**Exercise instructions**
Your reply should reproduce each entry exactly and contain no pictures.
- Opening Delimiter -
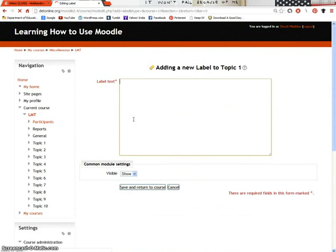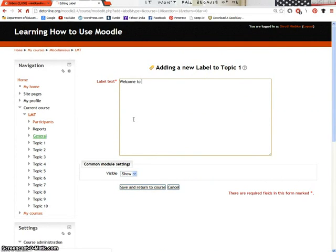Enter the label text. Let us say welcome to Moodle.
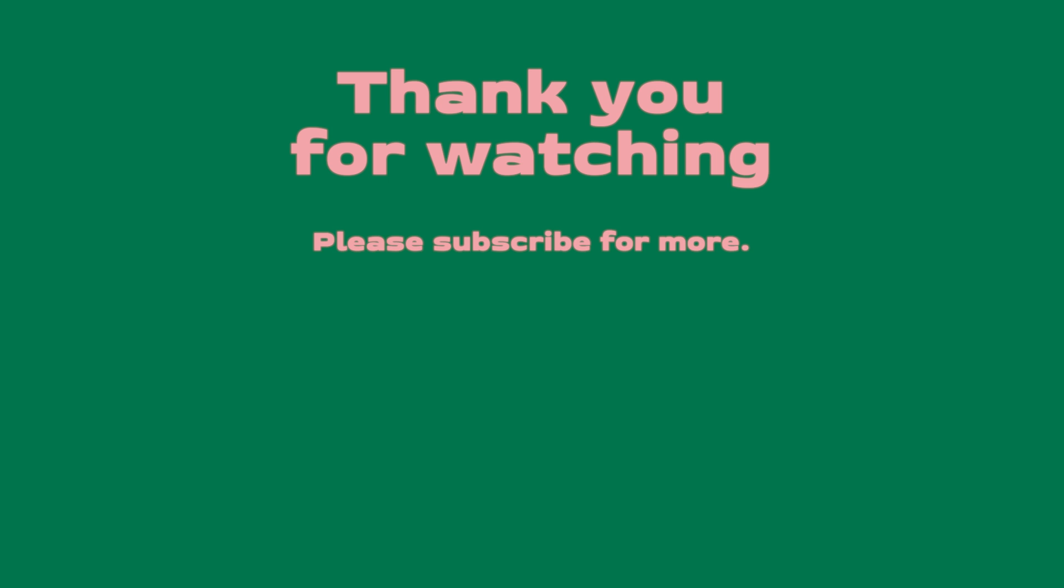As always, thank you so much for watching, thank you so much for your support and I will see you on my next video.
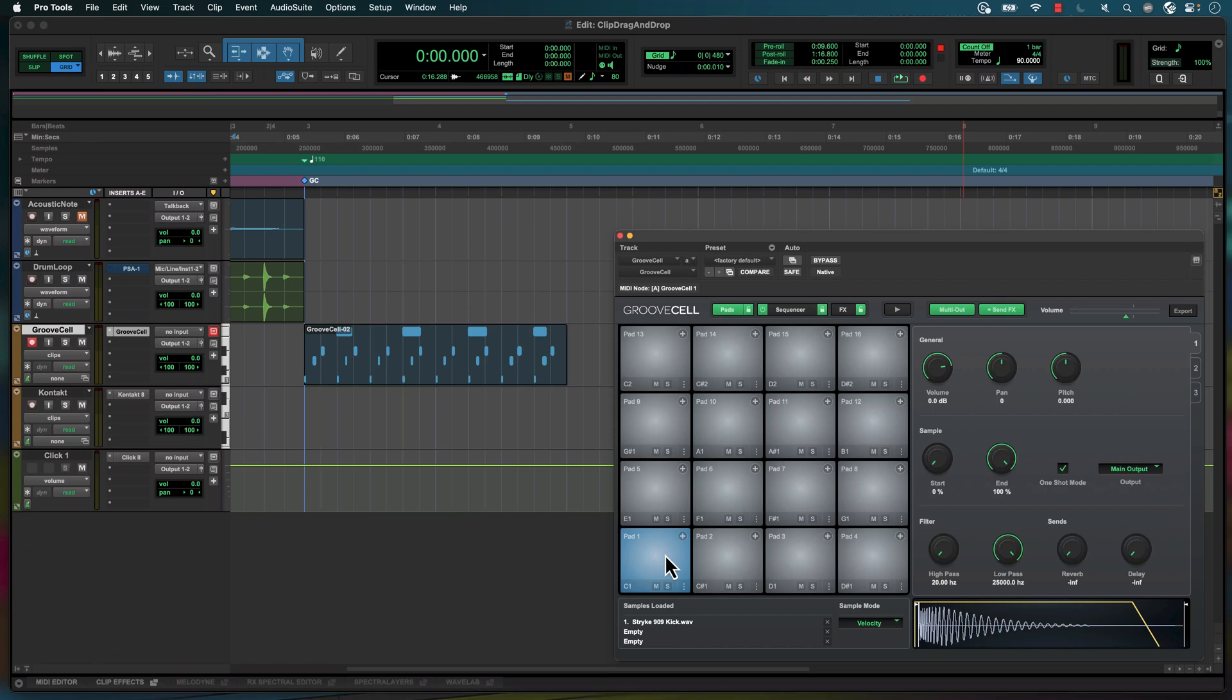You can now drag and drop mono and stereo clips directly from the Pro Tools timeline or workspace into a range of sampler and drum sequencer plug-ins like Contact and GrooveSell to create unique instruments.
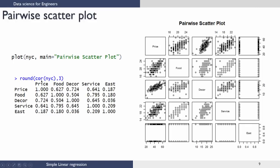Let us see what the correlation is for all of these. COR is the function in R — I need to give the dataset with all the variables. Using round with 3 decimal places rounds off the numbers to 3 decimal places. The correlation for price versus price is always 1. The correlation between food and decor is 0.5, which is pretty low. But food and service is almost equal to 0.8, which is quite high. This tells us that food and service are correlated, and one of them can be dropped when building the final model.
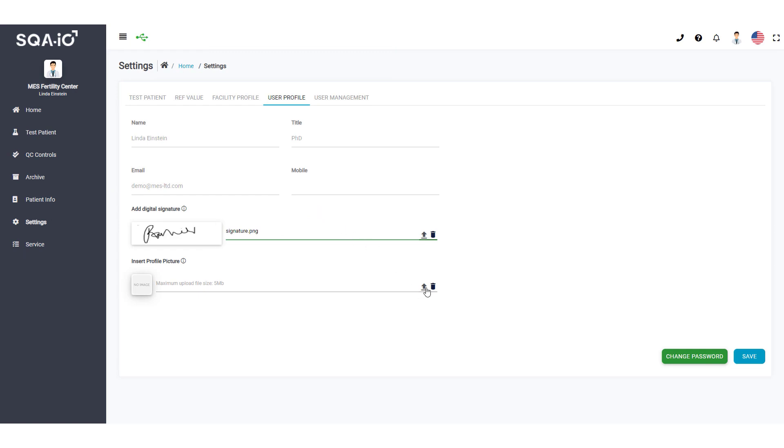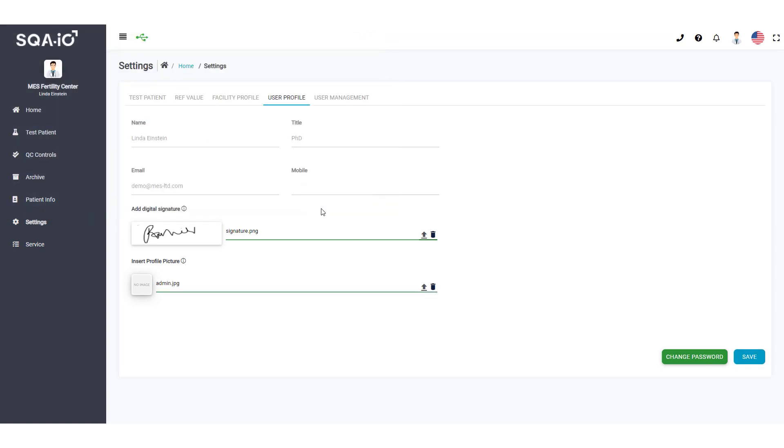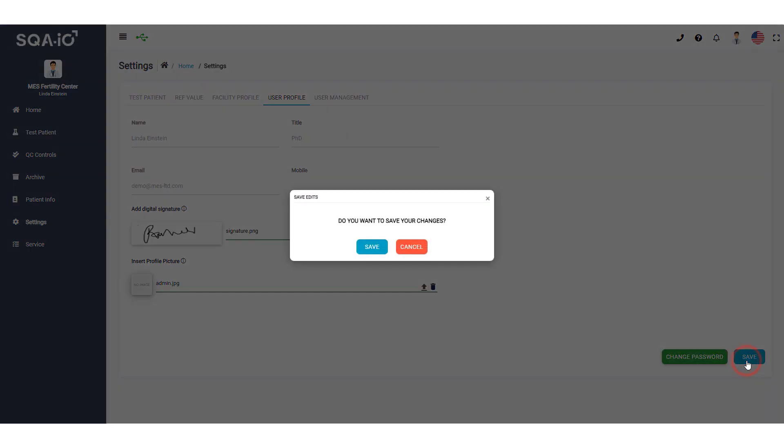Here is where you can add your profile picture. It will only be shown when you are logged into the SQA-IO interface. Make sure to save your changes.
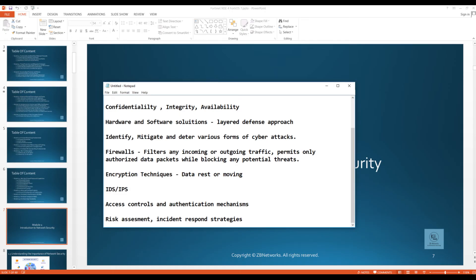In today's interconnected digital landscape, where cyber attacks have evolved at an unprecedented pace, network security stands as an ever-evolving discipline. It demands continual adaptation, innovative approaches from network engineers and security developers, and most importantly, a proactive mindset to safeguard networks against potential vulnerabilities and cyber attacks.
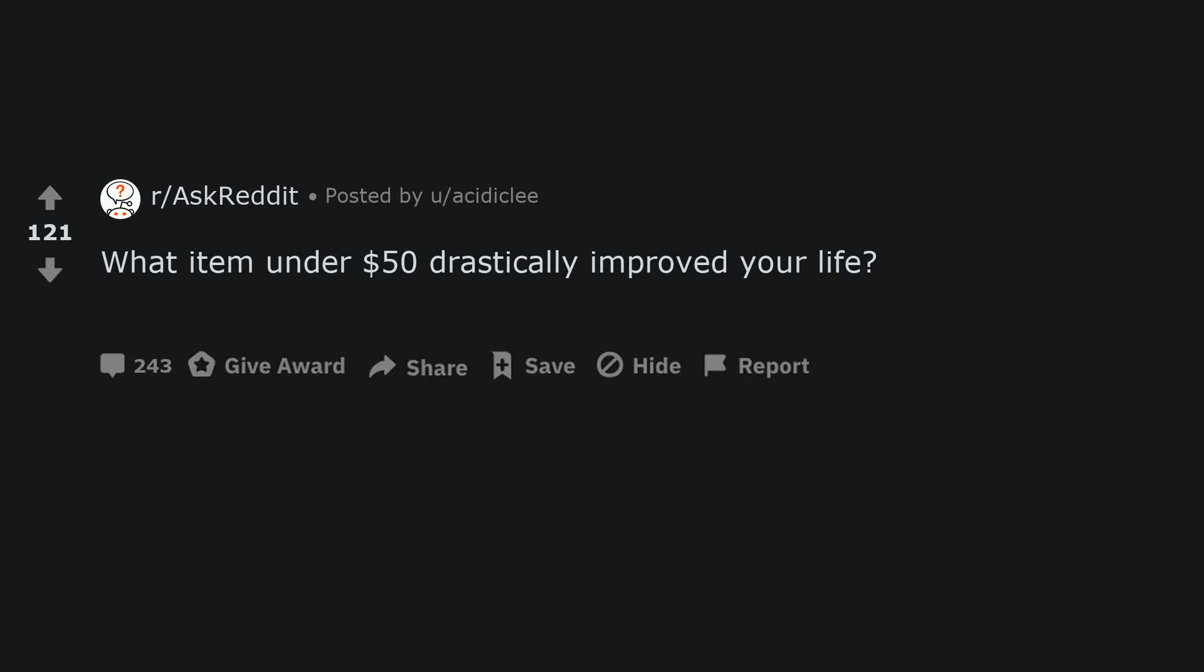What item under $50 drastically improved your life? A meat thermometer. No more guessing internal temps. Perfectly cooked food every time.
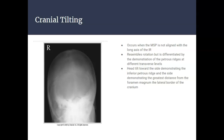To correct tilting, ensure that the MSP is aligned with the long axis of the IR. Also, taking a look at the sagittal suture — if it is not aligned with the long axis of the IR, that should indicate there is some type of rotation or head tilting occurring.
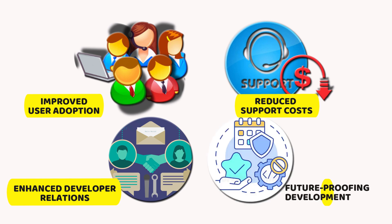Future proofing development. Well audited documentation is easier to maintain and update as the API evolves over time.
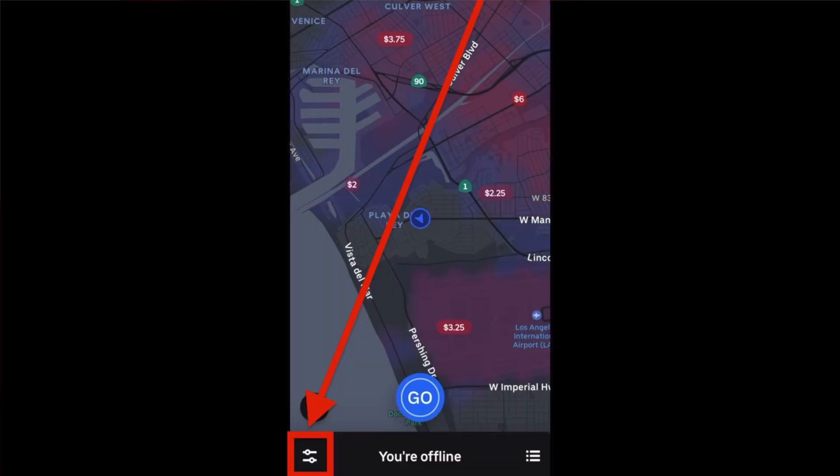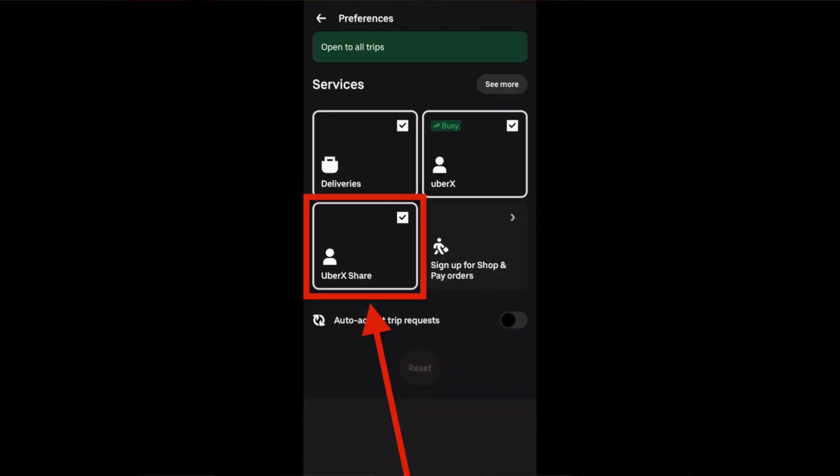This is epic. In this unbelievably short tutorial, I'm going to show you how you can disable Uber X Share rides — formerly known as Uber Pool — on the Uber driver app. All you're going to do is hit Preferences in the bottom left-hand corner, typically where you can choose either delivery driving or ride-share driving.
- Closing Delimiter -
**Solution**
Enter the label text. Let us say welcome to Moodle.
As always, thank you so much for watching, thank you so much for your support and I will see you on my next video.
You can now drag and drop mono and stereo clips directly from the Pro Tools timeline or workspace into a range of sampler and drum sequencer plug-ins like Contact and GrooveSell to create unique instruments.
Let us see what the correlation is for all of these. COR is the function in R — I need to give the dataset with all the variables. Using round with 3 decimal places rounds off the numbers to 3 decimal places. The correlation for price versus price is always 1. The correlation between food and decor is 0.5, which is pretty low. But food and service is almost equal to 0.8, which is quite high. This tells us that food and service are correlated, and one of them can be dropped when building the final model.
Here is where you can add your profile picture. It will only be shown when you are logged into the SQA-IO interface. Make sure to save your changes.
In today's interconnected digital landscape, where cyber attacks have evolved at an unprecedented pace, network security stands as an ever-evolving discipline. It demands continual adaptation, innovative approaches from network engineers and security developers, and most importantly, a proactive mindset to safeguard networks against potential vulnerabilities and cyber attacks.
What item under $50 drastically improved your life? A meat thermometer. No more guessing internal temps. Perfectly cooked food every time.
To correct tilting, ensure that the MSP is aligned with the long axis of the IR. Also, taking a look at the sagittal suture — if it is not aligned with the long axis of the IR, that should indicate there is some type of rotation or head tilting occurring.
Future proofing development. Well audited documentation is easier to maintain and update as the API evolves over time.
This is epic. In this unbelievably short tutorial, I'm going to show you how you can disable Uber X Share rides — formerly known as Uber Pool — on the Uber driver app. All you're going to do is hit Preferences in the bottom left-hand corner, typically where you can choose either delivery driving or ride-share driving.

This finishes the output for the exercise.